What you should do: Word for word, restate the lines of the data below between those holding "Sentido Absoluto de" and "남주의 연적이 되어 버렸다 22화 95", inclusive; pictures do not belong in the copy.

Supplied material:
===

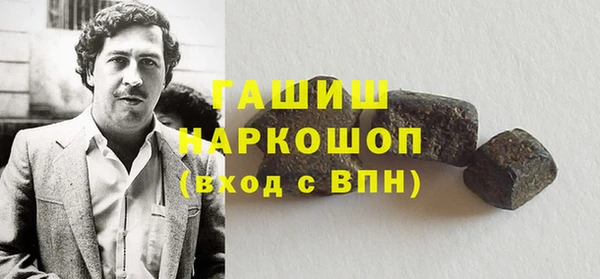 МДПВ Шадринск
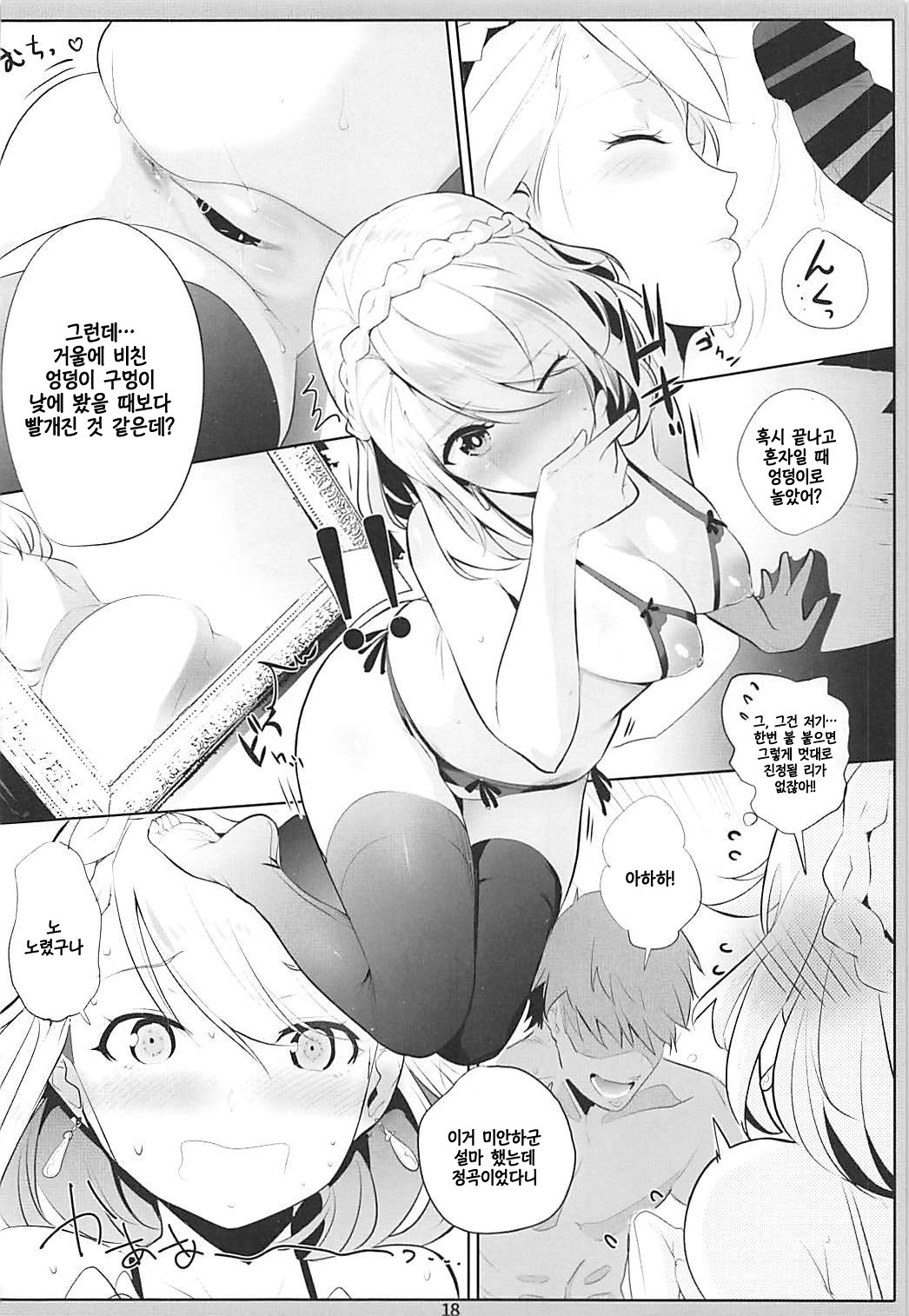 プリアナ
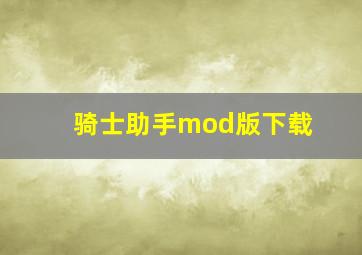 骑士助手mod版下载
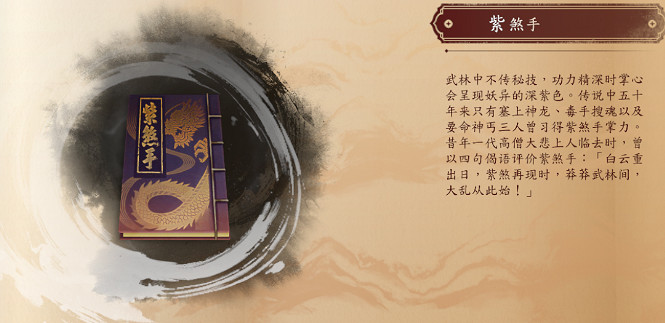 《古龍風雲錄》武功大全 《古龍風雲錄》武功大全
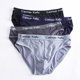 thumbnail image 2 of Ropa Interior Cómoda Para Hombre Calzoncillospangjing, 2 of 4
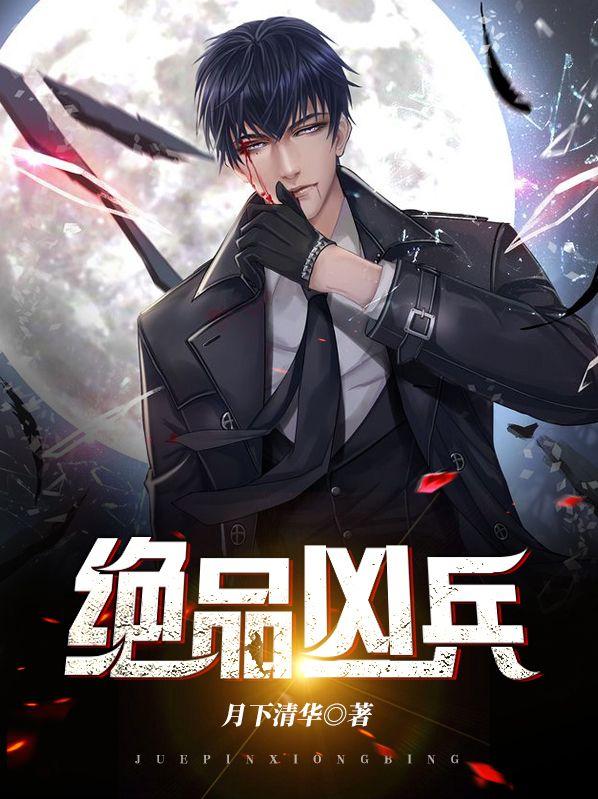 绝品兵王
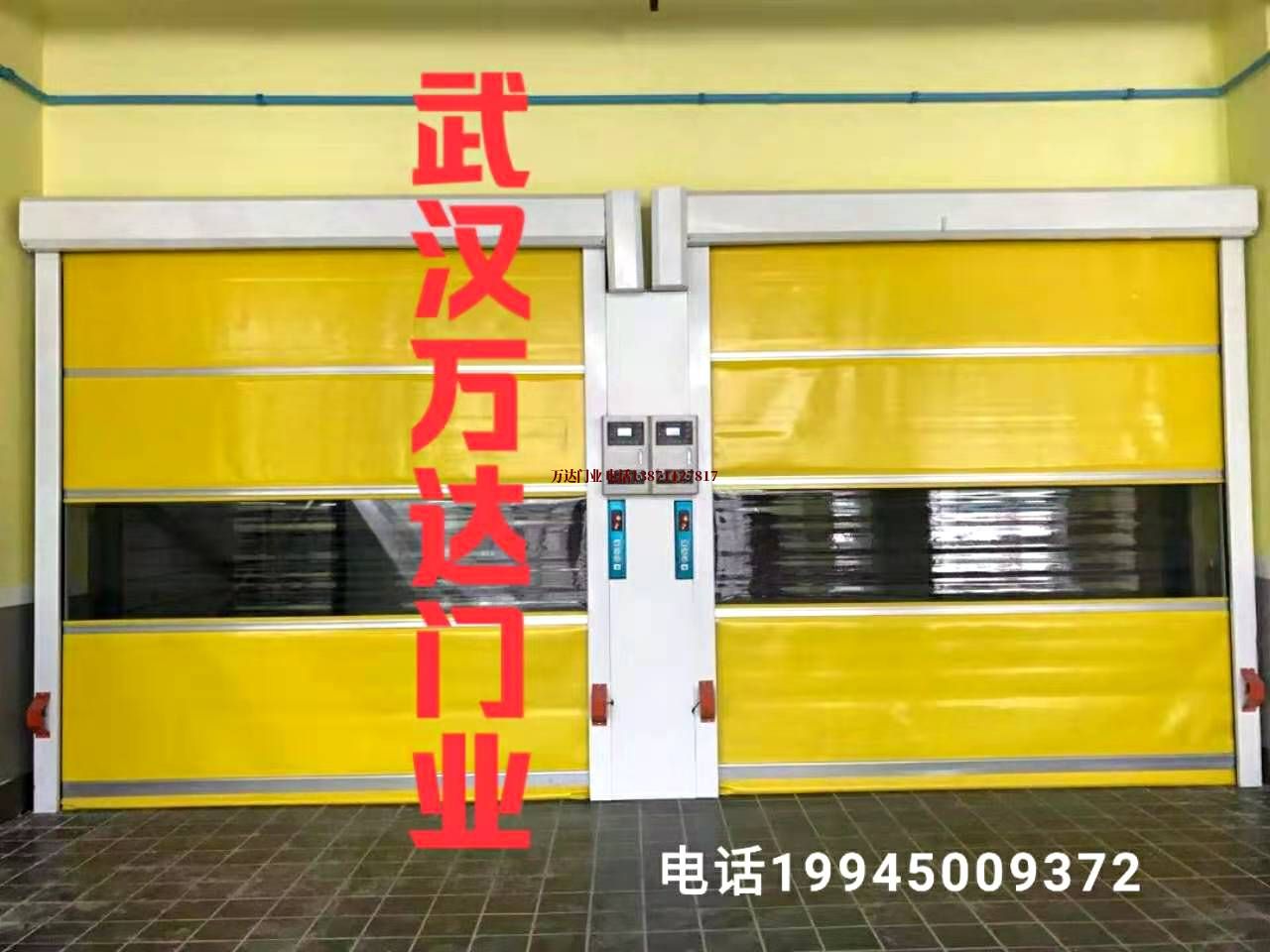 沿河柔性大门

===

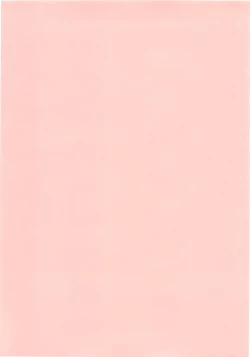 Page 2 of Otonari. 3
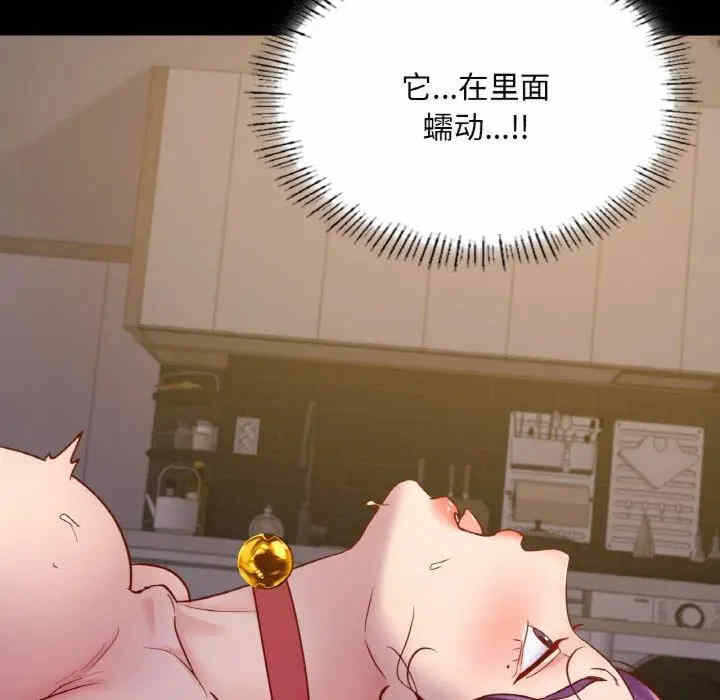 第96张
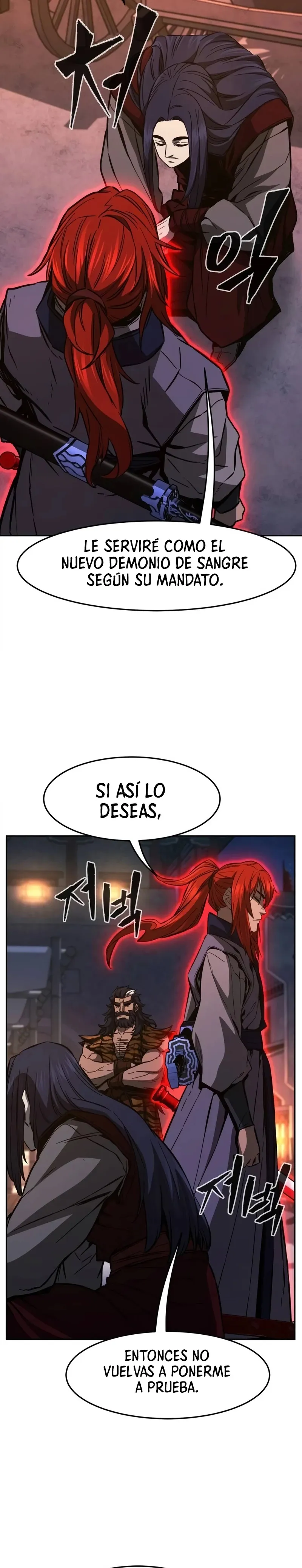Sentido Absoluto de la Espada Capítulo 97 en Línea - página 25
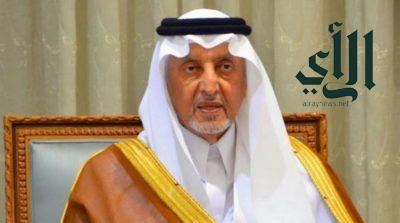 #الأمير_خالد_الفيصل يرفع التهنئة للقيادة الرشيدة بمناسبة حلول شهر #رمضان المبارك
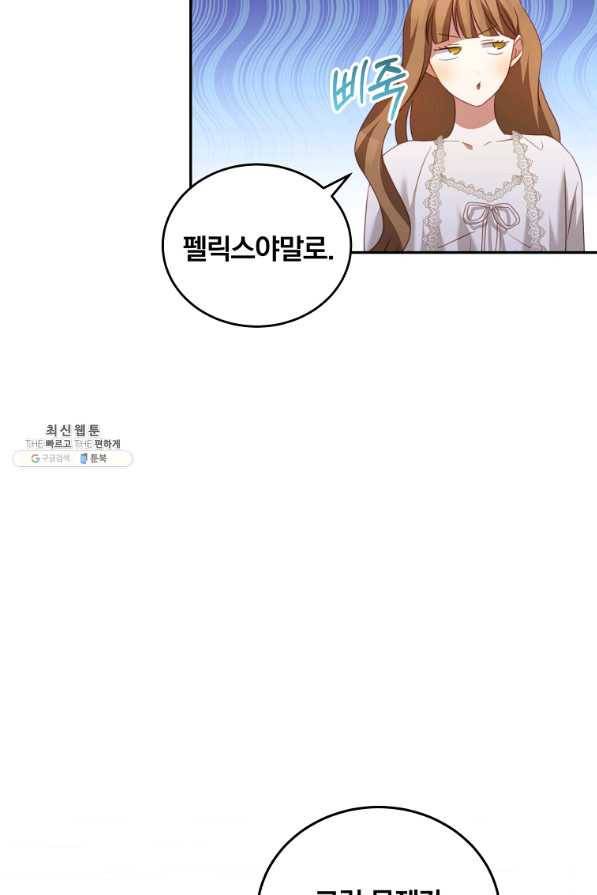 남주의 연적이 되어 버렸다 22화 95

===

Result of this task:
Sentido Absoluto de la Espada Capítulo 97 en Línea - página 25
 #الأمير_خالد_الفيصل يرفع التهنئة للقيادة الرشيدة بمناسبة حلول شهر #رمضان المبارك
 남주의 연적이 되어 버렸다 22화 95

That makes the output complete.